Rough as old boots - In the name of Thiago - Day 29
Woke up feeling like death, which frankly came as no surprise. Glyn and Janine pictured here with Angelica and I, were terrific hosts. It was an evening of fine dining and of Elisa discovering her liking for the melodica (the instrument in the foreground). I absolutely love Glyn and Janine’s place. They are both such warm and welcoming people and their house embodies that sense of home. It is unmistakably their place.
It was wonderful to catch up with old friends but once again as so often seems to be the case, it was Elisa that made the evening. I love that cheeky little toerag so much: she has an incredible character just like her little brother did.
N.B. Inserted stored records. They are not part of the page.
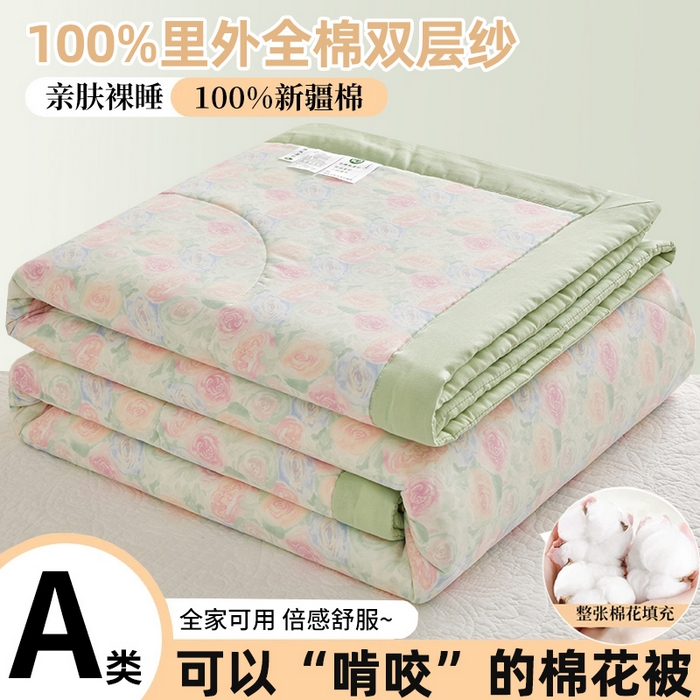 铺尚美家纺 2026新款全棉双层纱夏被被子被芯 春晓 绿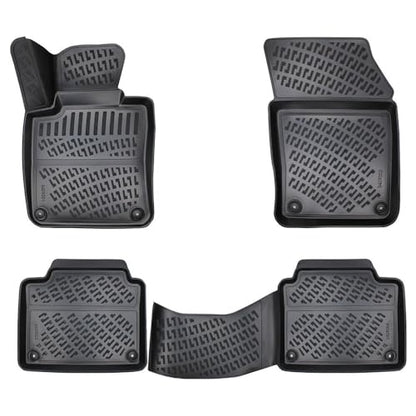 RizLiner Volvo S90 2017-2024 & V90 2018-2020 & V90 Cross Country 2017-2024 Floor Mats 3D Custom Fit Rubber Car Mats Floor Liners All Weather Heavy Duty Waterproof Odorless Non-Slip TPE (Front & Rear) - size: S90 2017-2024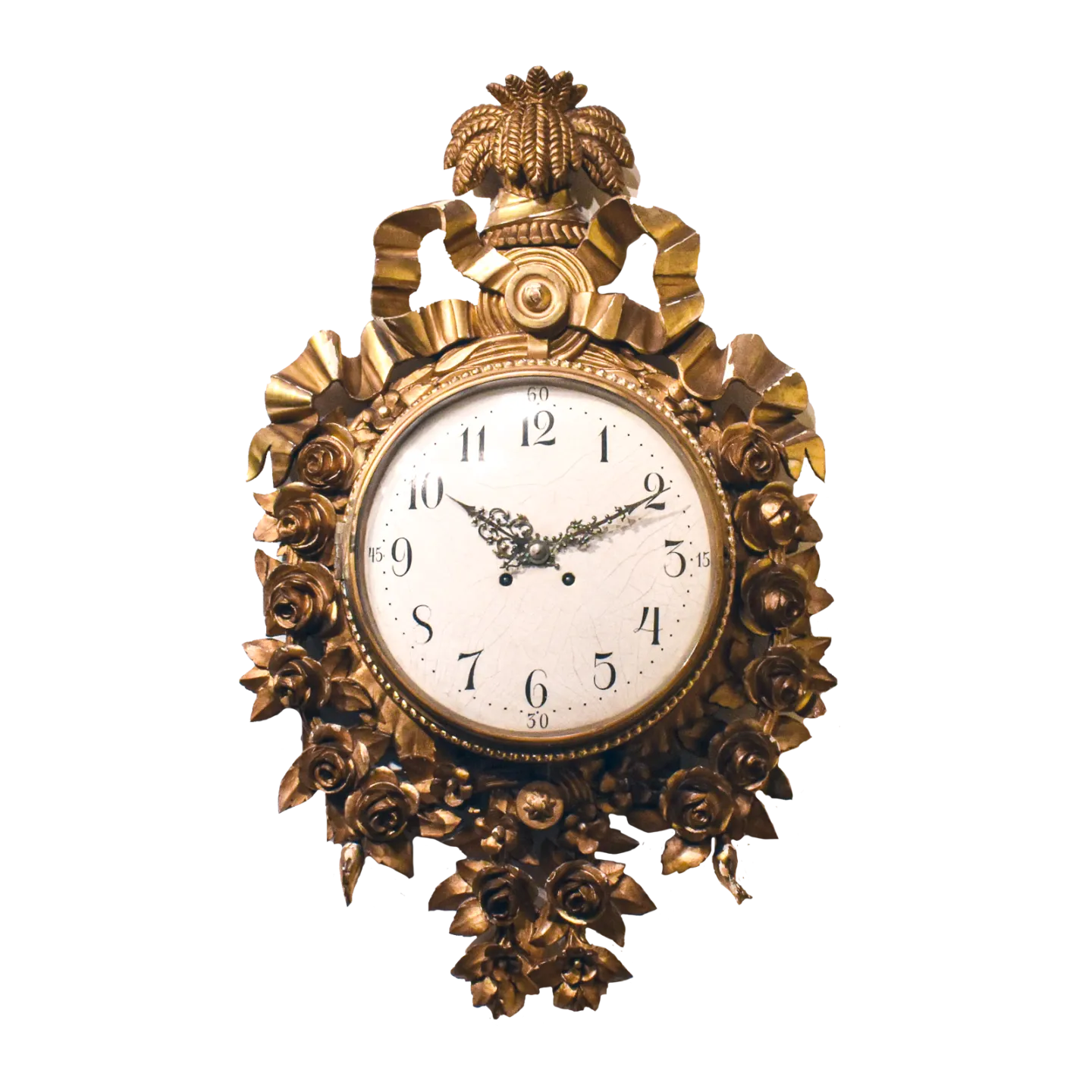 Giltwood Cartel Clock, 1800s, Antique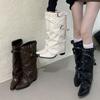 2025 new pointed wedge heel straight pants tube boots white belt buckle high boots but knee boots sweet cool western boots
One of Elisa’s highlights last night was the pleasure she took from telling our hosts about the star jump penalty system she imposes on me.
Essentially, if Elisa hears me swear, she penalises this behaviour by giving me 20 star jumps. I don’t have to do them immediately and until last night I was up into four figures for star jumps ‘owing’. I managed to bang out a few inspired by one too many craft ales and somehow Janine managed to get Elisa to knock off a further 100 for reasons I can’t quite remember. Persuasive lady Janine.
On to today and Angelica and I had a serious heart to heart while out walking around Tittesworth Reservoir, where my Dad was the main topic of conversation. Since I brought him back from Chester on Wednesday, he’s not been well at all. I was getting really frustrated with him and I’ve had the same conversations with my sister Holly and my brother Judd about how his health is very draining for the family.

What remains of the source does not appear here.